== GIVEN INFORMATION ==

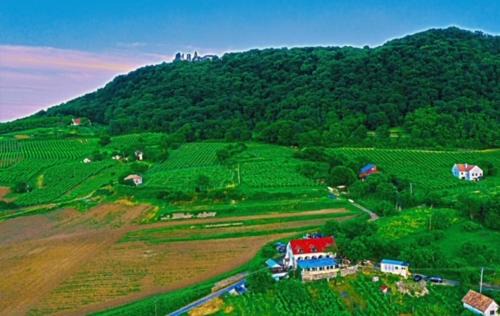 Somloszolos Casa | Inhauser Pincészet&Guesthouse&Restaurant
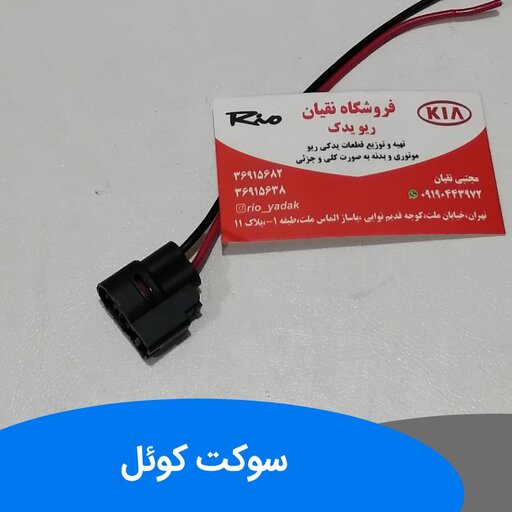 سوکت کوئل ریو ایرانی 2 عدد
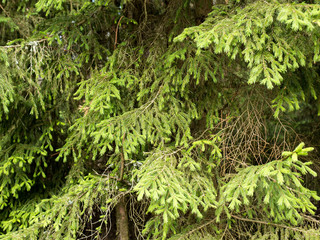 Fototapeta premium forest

===

ABOUT THIS EXERCISE: Starting from the line that contains "سوکت کوئل ریو ایرانی 2 عدد", transcribe exactly each line down to the final line of the material above, excluding every picture and adding nothing else.

RESPONSE AREA:
 سوکت کوئل ریو ایرانی 2 عدد
 Fototapeta premium forest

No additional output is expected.